Der Kellner Fritz bekam eine zuträgliche Stellung in San Francisco, die er heute noch innehat.

Von dem hinterhältigen Don Pedro hat kein Mensch mehr etwas gehört. Er blieb verschollen.

Der alte Indianer Hefrakorn aber erhielt das Gnadenbrot bei Krafts. Franz Kraft ist ein alter Mann geworden, und Kinder und Enkel umspielen seine Knie. Wenn er aber mit seiner immer noch schönen Frau, seinen Kindern und dem alten Indianer um den runden Tisch zusammensitzt, dann gedenken sie wohl noch oft der

„Lagerfeuer in Kalifornien“.
*

Ja, wird stets der geneigte Leser nun sagen: Das ist ja alles sehr schön und nett – aber wie soll denn ein Buchschluß [220] nun sein? Diese gefallen doch dem Herrn Leuchtturmwächter alle nicht …

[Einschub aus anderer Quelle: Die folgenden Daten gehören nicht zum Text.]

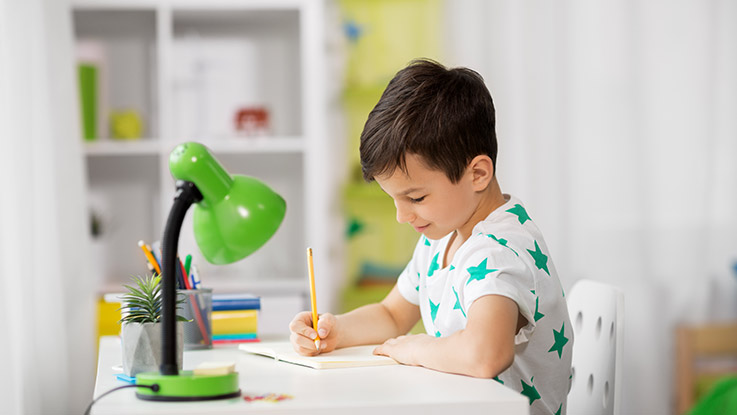 Young child sitting at a desk, writing in a notebook with a pencil under a green desk lamp.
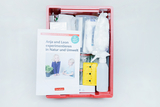 Das Bild zeigt eine rote Box mit Experimentiermaterialien für den Kindergarten, die verschiedene Utensilien wie Flaschen, Sprühgeräte und verschlossene Behälter enthält. Auf der Oberseite liegt ein Buch mit dem Titel „Anja und Leon experimentieren in Natur und Umwelt“, das Anleitungen bietet.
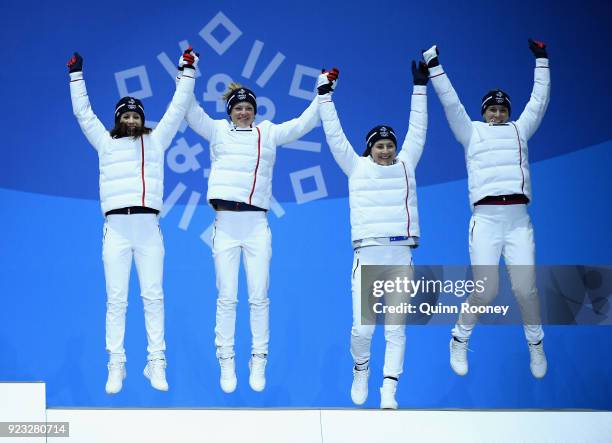 Bronze medalists Anais Chevalier, Marie Dorin Habert, Justine Braisaz and Anais Bescond of France celebrate during the medal ceremony for Biathlon -...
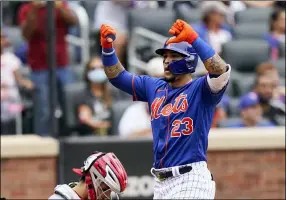  ?? COREY SIPKIN — THE ASSOCIATED PRESS ?? The Mets’ Javier Baez gestures at home plate after his two-run home run against the Nationals on Aug. 29 in New York.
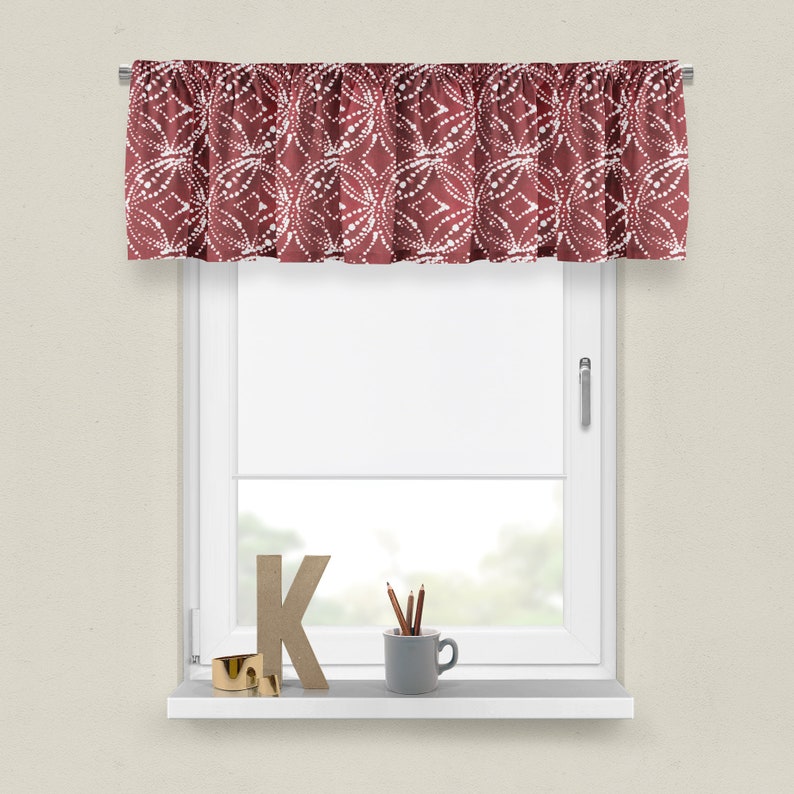 May include: A red valance with a white geometric pattern. The valance is hung on a white window with a white window sill. There is a wooden letter K, pencils in a gray cup, and a gold ring on the window sill.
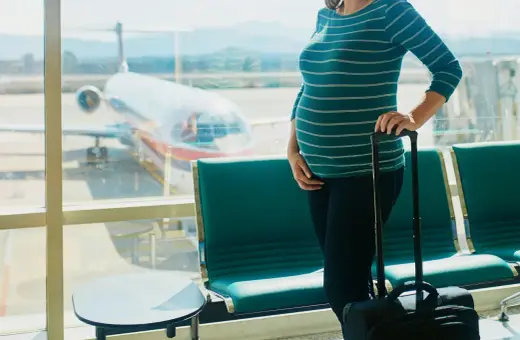Czekając na lotnisku, przyszła mama zastanawia się, czy w ciąży można latać samolotem. Obok walizka, za oknem samolot.
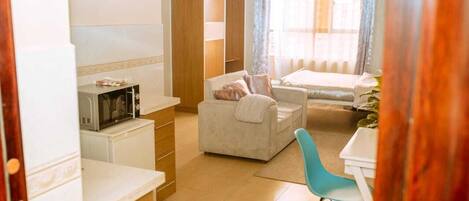 Un espacio habitable compacto con kitchenette, sofá, mesa de comedor y cama.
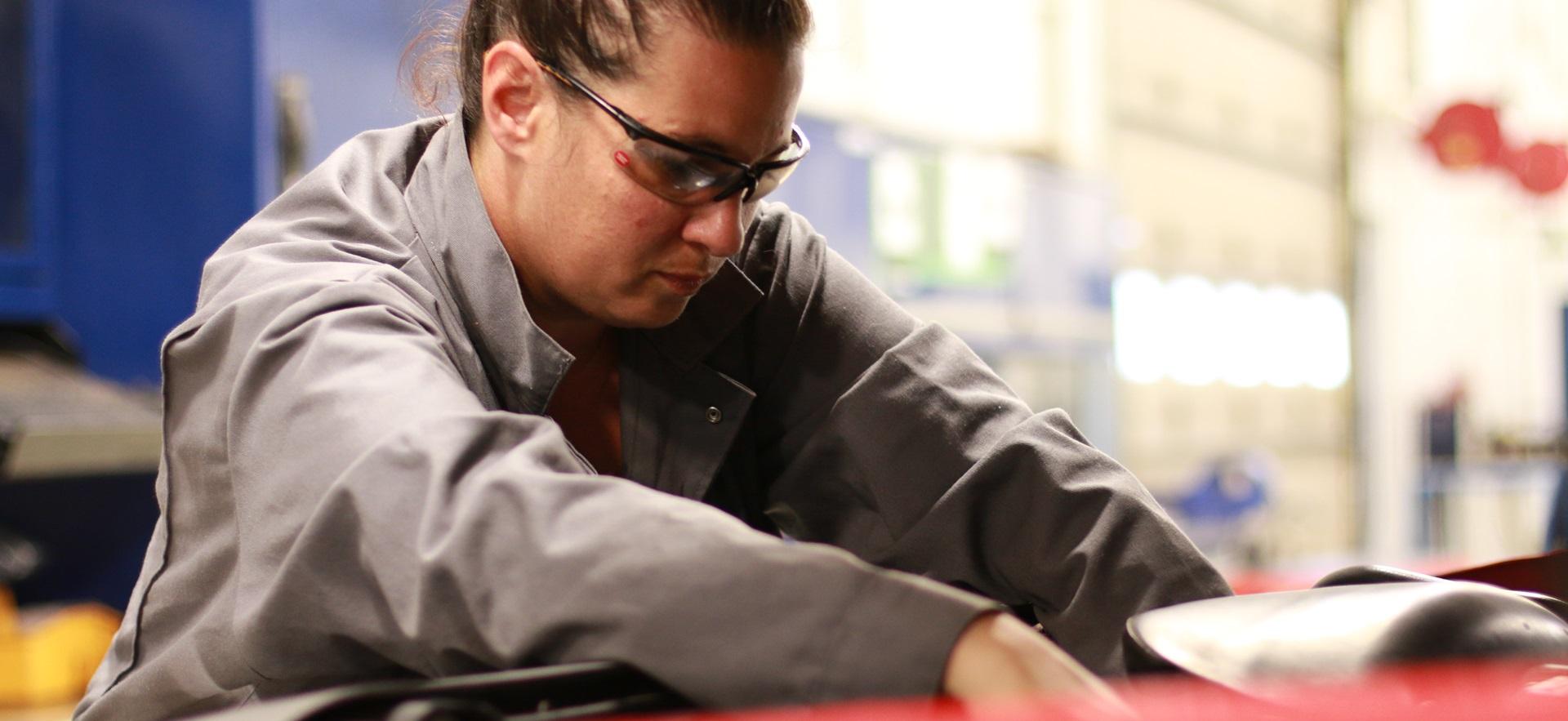 Motive Power student working under the hood of a vehicle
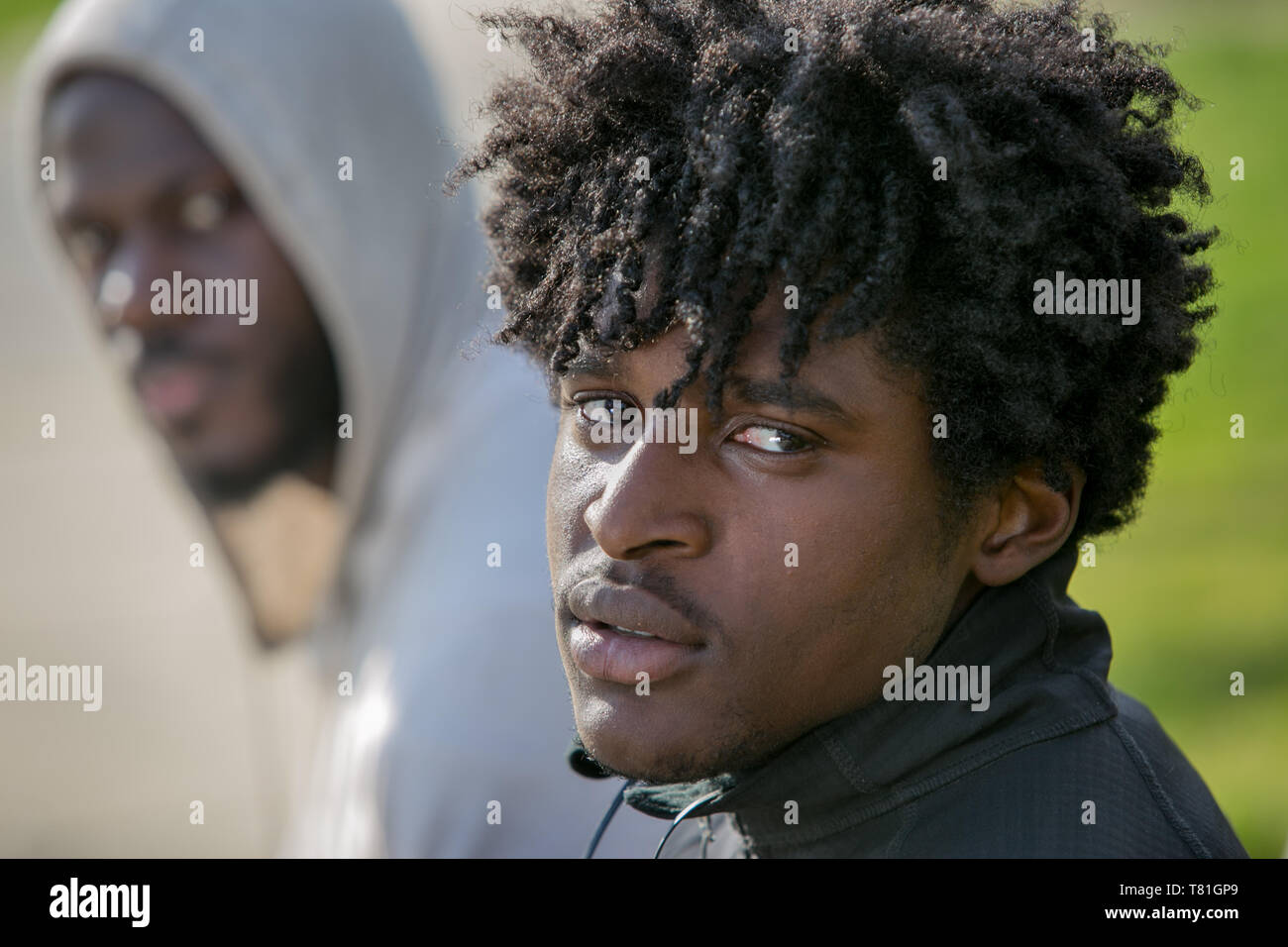 street portrait taken in Philadelphia Pennsylvania of 2 African American friends in a park Stock Photo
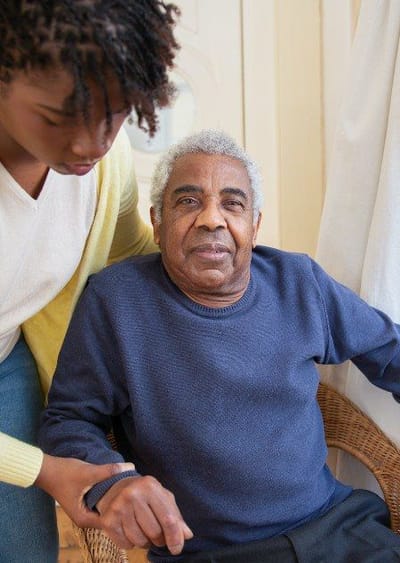 Caregiver assisting an elderly resident indoors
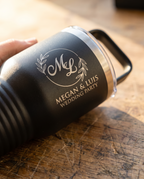 20oz Travel Mug with a custom laser-engraved logo, close-up of the decoration | Karved Concepts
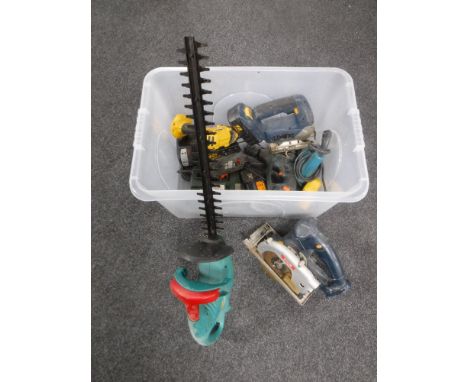 A box of power tools, hedger, saw etc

Ich muß sagen, daß ich in meiner jetzt zwanzigjährigen Dienstzeit nur einmal einen wirklich guten, ehrlichen und motivierten Buchschluß gefunden habe. Er fand sich in einem Gedichtbüchlein „Frühlingsstimmen“ von Herrn Hugo Taubensee. Der Mann war – wie man aus dem beigehefteten Porträt sehen konnte – Postschaffner, aber auch Dichter, eine der so häufigen Verbindungen von Geschäftsmann und Romantiker. Der Verleger war nur Geschäftsmann.

Diese „Frühlingsstimmen“ klangen folgendermaßen aus:

„Mitteilung an den Leser!

Die gesammelten Gedichte des Verfassers gehen in Wirklichkeit noch weiter. Weil ich aber nicht in der bemittelten Lage bin, weiteres Papier und auch die Druckkosten anzuschaffen, so sehe ich mich gezwungen, die Gedichte hier abzubrechen. Ich will aber, wenn der Absatz dieses Büchleins ein entsprechender ist, die ‚Frühlingsstimmen‘ gern fortsetzen. Die Leser handeln also im eigenen Interesse, wenn sie das Buch fleißig kaufen und weiterempfehlen!“

Das heiß ich einen Schluß! Von jetzt an werde ich mich mehr den Anfängen zuwenden.